Review, Photos: The Melvins’ aural assault on GAMH

The Melvins

Photos: Alessio Neri

SAN FRANCISCO — The sold-out crowd inside the Great American Music Hall hummed with excitement as the Melvins took the stage for their sixth show in a marathon 62-date American tour in support of their new double album A Walk with Love and Death.

Following an atmospheric opening set by the Spotlights, The Melvins stormed the stage. Looking vaguely menacing, guitarist King Buzzo took the stage in his customary black onesie and his shock of grey Sideshow Bob hair as the band launched into a cover of Flipper’s “Sacrifice.” What followed was a heavy metal pummeling from one of the hardest working bands in rock and roll.

The band quickly ran through some of its earlier hits: the blistering assault of  “Oven” segueing into the caterwauling of “Anaconda” and “Queen,” which featured Buzzo singing in his guttural roar, “I’ve got time to wish away,” and fan favorite “The Kicking Machine,” off 2008’s Nude with Boots. Redd Kross bassist Steven McDonald patrolled the stage, occasionally striking a rock pose, looking somewhat like Journey frontman Steve Perry in full sleeveless glory, his long brown locks falling in his face.

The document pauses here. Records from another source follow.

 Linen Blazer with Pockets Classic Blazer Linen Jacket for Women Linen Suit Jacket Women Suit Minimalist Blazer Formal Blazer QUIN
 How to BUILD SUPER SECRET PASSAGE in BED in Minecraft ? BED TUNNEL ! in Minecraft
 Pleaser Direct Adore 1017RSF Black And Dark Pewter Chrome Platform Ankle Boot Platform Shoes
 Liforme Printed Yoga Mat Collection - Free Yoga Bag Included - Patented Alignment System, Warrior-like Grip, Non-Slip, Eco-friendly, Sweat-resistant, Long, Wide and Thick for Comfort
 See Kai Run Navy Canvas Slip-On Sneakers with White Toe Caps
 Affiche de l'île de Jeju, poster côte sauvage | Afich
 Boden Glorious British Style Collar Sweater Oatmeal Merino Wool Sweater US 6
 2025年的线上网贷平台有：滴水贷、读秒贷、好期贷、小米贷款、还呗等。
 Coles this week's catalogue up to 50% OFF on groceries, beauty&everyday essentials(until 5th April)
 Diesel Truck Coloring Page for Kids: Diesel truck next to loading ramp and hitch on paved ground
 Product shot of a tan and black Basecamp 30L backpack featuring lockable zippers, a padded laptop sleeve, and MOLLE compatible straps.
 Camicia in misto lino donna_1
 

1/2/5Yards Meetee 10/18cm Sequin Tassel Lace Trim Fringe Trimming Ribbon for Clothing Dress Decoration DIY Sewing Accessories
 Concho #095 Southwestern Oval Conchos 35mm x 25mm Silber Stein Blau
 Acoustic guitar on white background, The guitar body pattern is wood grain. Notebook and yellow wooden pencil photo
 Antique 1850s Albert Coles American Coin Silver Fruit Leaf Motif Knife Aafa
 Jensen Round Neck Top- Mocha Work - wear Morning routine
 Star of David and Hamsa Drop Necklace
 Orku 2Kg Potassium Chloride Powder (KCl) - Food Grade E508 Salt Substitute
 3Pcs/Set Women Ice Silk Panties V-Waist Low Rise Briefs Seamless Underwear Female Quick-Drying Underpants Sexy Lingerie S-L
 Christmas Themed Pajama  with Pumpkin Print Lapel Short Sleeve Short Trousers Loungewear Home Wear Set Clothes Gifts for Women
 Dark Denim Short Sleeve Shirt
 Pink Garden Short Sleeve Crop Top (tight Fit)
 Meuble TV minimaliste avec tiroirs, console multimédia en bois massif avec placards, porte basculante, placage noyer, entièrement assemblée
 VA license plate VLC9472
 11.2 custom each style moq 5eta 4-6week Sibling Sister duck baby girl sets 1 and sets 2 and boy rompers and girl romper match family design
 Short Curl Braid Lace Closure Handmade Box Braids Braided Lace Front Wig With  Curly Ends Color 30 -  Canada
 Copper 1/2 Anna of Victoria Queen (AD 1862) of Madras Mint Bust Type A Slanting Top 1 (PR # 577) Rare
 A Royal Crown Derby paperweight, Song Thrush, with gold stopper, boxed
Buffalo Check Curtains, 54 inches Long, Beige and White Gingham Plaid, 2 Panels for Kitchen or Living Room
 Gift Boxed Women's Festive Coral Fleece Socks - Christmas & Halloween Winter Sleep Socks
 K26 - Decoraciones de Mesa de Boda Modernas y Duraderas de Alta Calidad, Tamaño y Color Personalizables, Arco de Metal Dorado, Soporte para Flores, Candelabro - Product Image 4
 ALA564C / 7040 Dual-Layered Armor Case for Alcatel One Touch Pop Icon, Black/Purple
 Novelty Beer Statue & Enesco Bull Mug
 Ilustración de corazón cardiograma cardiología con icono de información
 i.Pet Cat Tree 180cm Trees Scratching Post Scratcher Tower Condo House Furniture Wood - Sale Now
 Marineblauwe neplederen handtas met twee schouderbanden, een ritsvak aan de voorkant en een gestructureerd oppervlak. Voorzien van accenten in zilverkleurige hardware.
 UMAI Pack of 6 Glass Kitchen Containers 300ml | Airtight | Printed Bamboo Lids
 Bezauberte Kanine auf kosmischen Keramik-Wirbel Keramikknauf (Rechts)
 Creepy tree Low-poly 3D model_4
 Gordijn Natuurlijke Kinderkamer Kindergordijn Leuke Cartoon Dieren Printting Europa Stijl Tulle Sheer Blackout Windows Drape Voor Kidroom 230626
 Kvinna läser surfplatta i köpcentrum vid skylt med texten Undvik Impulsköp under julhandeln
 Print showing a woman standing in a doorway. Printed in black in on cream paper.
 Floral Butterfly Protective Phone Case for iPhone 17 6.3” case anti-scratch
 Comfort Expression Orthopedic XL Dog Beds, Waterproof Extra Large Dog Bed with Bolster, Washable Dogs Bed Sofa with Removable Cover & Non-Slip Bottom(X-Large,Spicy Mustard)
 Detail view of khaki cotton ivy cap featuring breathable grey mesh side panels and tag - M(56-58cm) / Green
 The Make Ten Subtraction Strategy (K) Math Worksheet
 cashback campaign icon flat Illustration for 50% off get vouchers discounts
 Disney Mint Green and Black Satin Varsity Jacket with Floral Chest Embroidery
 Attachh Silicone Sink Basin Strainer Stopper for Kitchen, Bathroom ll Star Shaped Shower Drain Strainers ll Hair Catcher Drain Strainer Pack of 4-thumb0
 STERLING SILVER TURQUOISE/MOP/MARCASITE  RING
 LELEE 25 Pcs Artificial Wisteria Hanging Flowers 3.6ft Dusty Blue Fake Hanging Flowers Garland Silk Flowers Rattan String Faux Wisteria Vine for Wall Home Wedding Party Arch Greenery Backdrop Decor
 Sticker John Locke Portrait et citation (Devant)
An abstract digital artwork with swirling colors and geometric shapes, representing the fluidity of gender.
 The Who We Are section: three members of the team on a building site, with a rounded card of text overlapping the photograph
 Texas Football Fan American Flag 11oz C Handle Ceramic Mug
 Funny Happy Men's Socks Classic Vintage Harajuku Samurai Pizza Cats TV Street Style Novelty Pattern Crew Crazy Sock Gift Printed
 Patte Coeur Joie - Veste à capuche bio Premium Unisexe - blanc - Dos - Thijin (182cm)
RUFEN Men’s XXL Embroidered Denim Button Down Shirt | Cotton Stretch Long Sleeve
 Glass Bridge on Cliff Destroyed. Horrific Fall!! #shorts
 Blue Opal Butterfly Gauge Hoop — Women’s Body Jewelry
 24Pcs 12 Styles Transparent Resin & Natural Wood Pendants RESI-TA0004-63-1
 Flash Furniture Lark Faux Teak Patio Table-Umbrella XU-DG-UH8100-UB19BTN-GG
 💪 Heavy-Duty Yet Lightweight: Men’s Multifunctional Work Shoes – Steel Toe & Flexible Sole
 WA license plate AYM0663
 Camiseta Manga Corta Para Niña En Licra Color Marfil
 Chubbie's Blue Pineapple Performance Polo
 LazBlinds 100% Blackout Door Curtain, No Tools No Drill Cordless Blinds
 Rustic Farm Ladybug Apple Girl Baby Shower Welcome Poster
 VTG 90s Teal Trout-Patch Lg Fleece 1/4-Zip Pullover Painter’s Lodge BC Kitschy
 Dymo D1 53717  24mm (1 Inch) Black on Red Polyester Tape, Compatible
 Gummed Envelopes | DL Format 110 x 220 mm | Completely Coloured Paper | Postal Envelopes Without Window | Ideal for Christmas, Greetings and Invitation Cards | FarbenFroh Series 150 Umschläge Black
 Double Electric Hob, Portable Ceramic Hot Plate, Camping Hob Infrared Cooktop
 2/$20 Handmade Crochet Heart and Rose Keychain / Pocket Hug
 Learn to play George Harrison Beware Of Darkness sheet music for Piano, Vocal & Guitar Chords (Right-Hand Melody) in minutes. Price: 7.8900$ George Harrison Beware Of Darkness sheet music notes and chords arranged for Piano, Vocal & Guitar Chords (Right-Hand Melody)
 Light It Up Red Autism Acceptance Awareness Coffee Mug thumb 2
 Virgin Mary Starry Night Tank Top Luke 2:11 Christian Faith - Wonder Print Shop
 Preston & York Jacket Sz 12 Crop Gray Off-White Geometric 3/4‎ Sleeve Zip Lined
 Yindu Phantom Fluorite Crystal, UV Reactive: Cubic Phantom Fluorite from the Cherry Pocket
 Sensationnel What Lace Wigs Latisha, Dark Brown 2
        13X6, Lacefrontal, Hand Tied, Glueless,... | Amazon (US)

In addition to the Flipper cover that kicked off the show, the Melvins also played a cover of Bowie’s “Saviour Machine” with McDonald on vocals along with a fully souped-up and suitably heavy version of The Beatles’ “I Wanna Hold Your Hand” replete with tempo changes and demonic power chords. The capacity crowd greeted each of the early hits with enthusiastic head banging and devil horns as Dale Crover’s pounding drumbeats filled the hall like distant thunder.

The band has clearly learned a thing or two over the course of its 30-year career. The songs naturally flowed one into the next, occasionally building into colossal walls of sound, pummeling monoliths composed of power chords, a barrage of drums, and Buzzo’s battlecry vocals.

The crowd, which, from the looks of it, had seen a few Melvins shows before, withstood the aural assault and clamored for more. As I emerged from the concert, ears ringing, into the cool air of a San Franciscan July night, I felt reborn, as if a layer of old skin had been blasted off.